*RECORDS FOR PROCESSING:*
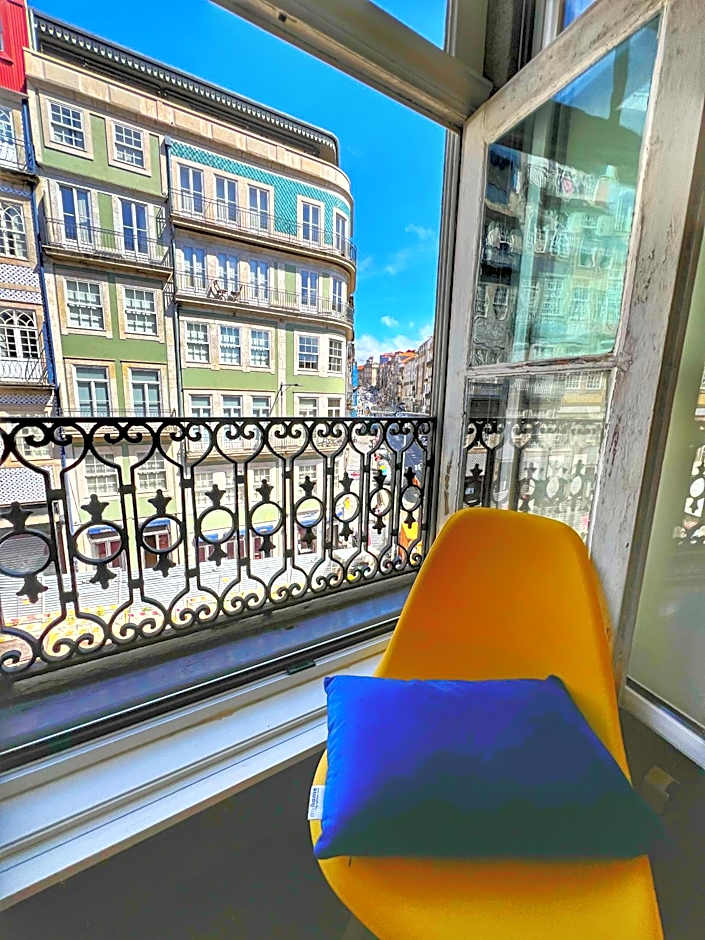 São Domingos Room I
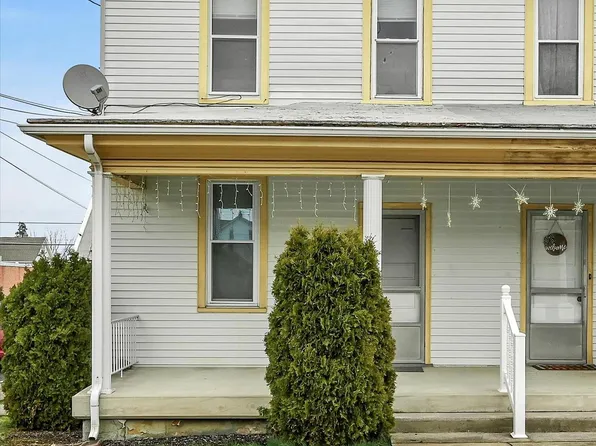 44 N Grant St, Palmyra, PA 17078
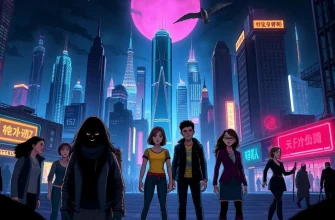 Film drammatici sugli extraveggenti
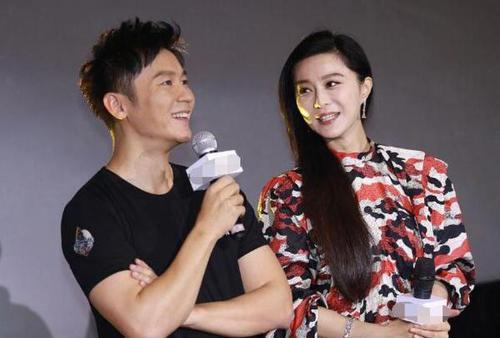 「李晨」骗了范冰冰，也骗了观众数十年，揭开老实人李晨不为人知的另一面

--

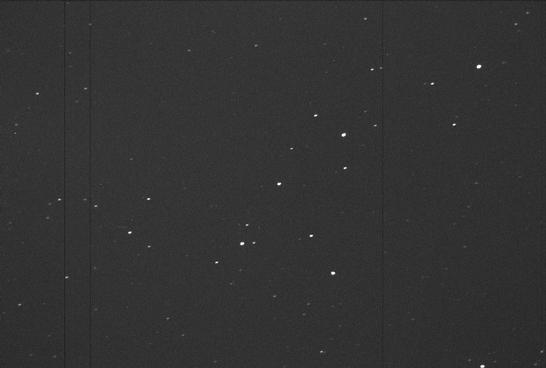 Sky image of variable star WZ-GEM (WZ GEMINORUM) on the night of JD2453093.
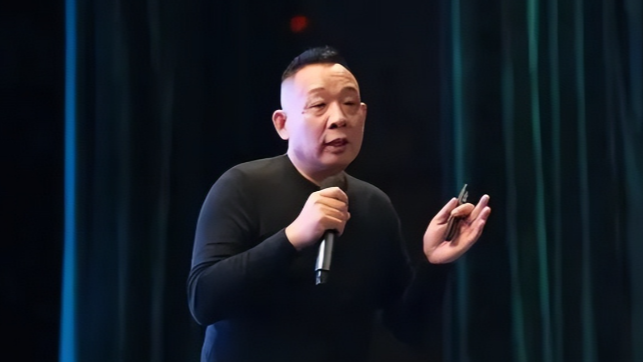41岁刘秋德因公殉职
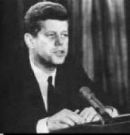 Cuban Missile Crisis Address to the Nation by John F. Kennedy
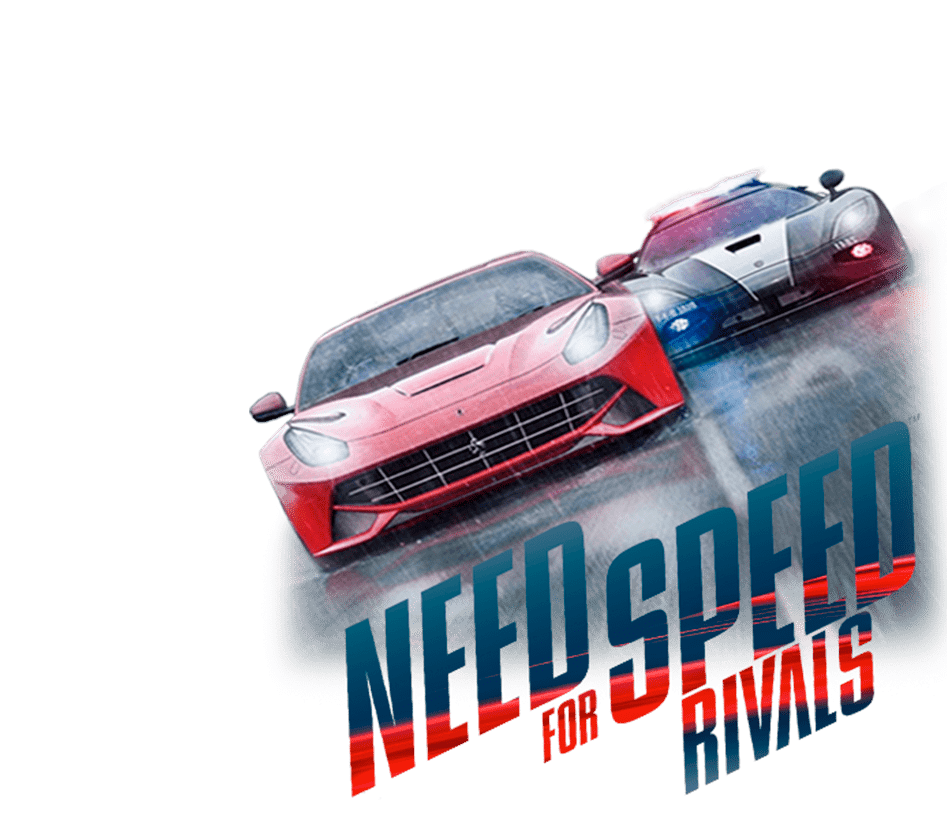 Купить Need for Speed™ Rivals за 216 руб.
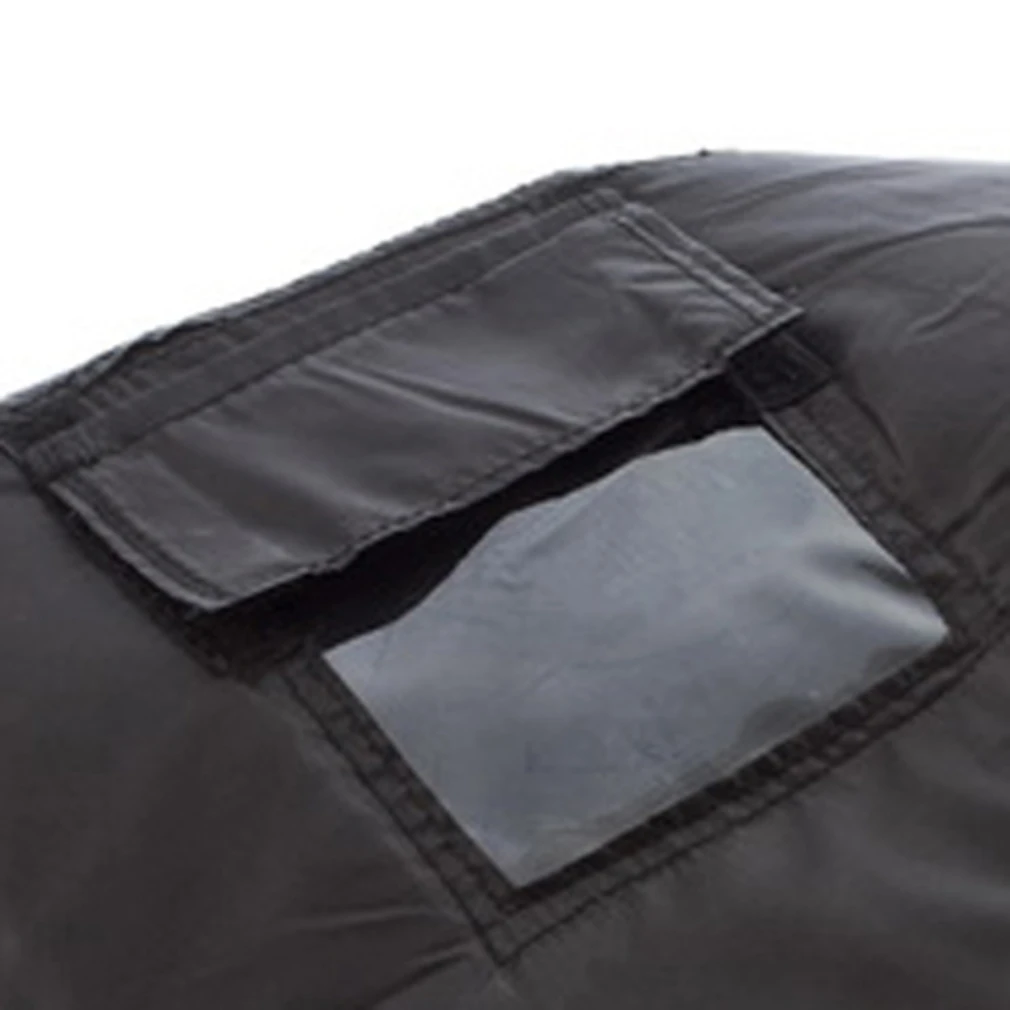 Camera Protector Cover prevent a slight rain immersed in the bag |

--

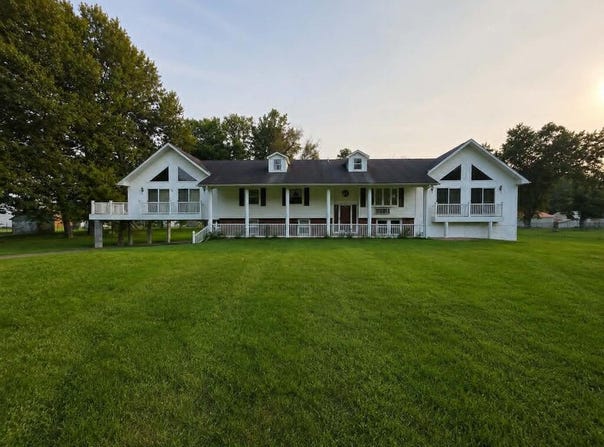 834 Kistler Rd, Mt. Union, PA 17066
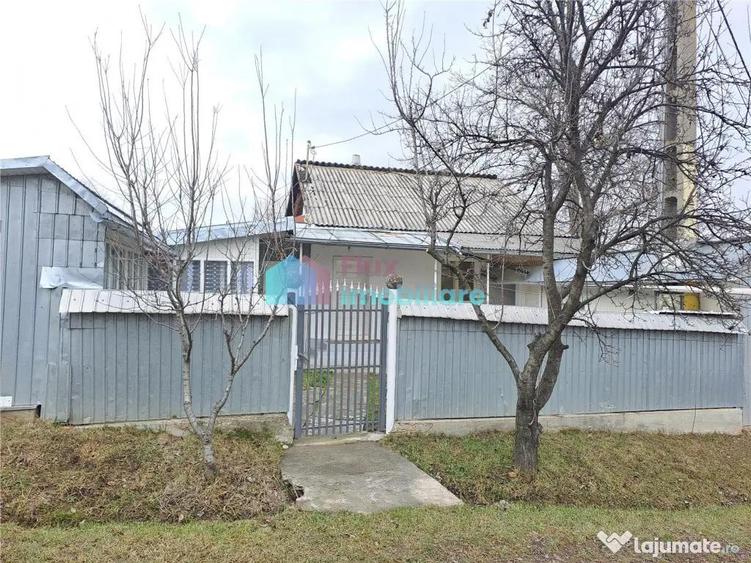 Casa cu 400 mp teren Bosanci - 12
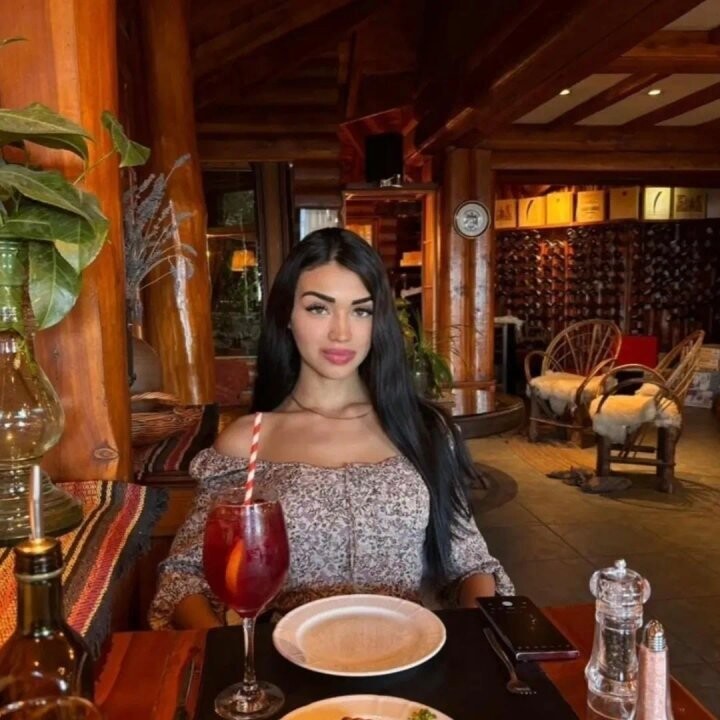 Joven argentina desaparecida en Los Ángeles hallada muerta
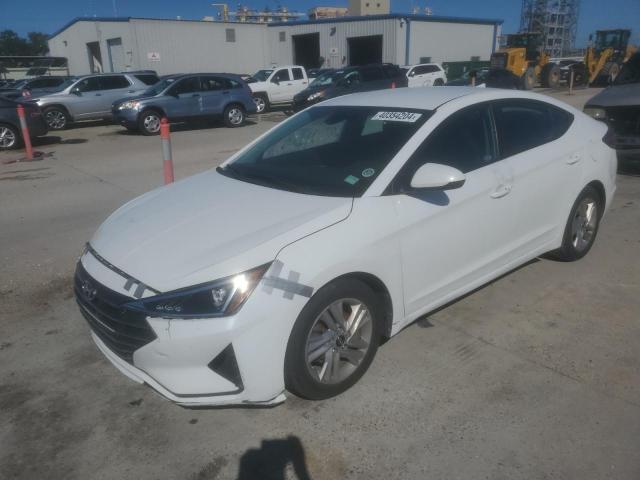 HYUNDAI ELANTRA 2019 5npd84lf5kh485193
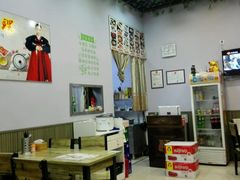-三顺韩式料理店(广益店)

*EXERCISE REQUIREMENTS:* Beginning with the line holding "Купить Need for Speed™ Rivals за 216 руб." in the material above, restate word for word each line through the line holding "Camera Protector Cover", and exclude pictures.

*SOLUTION FOR THIS TASK:*
 Купить Need for Speed™ Rivals за 216 руб.
 Camera Protector Cover prevent a slight rain immersed in the bag |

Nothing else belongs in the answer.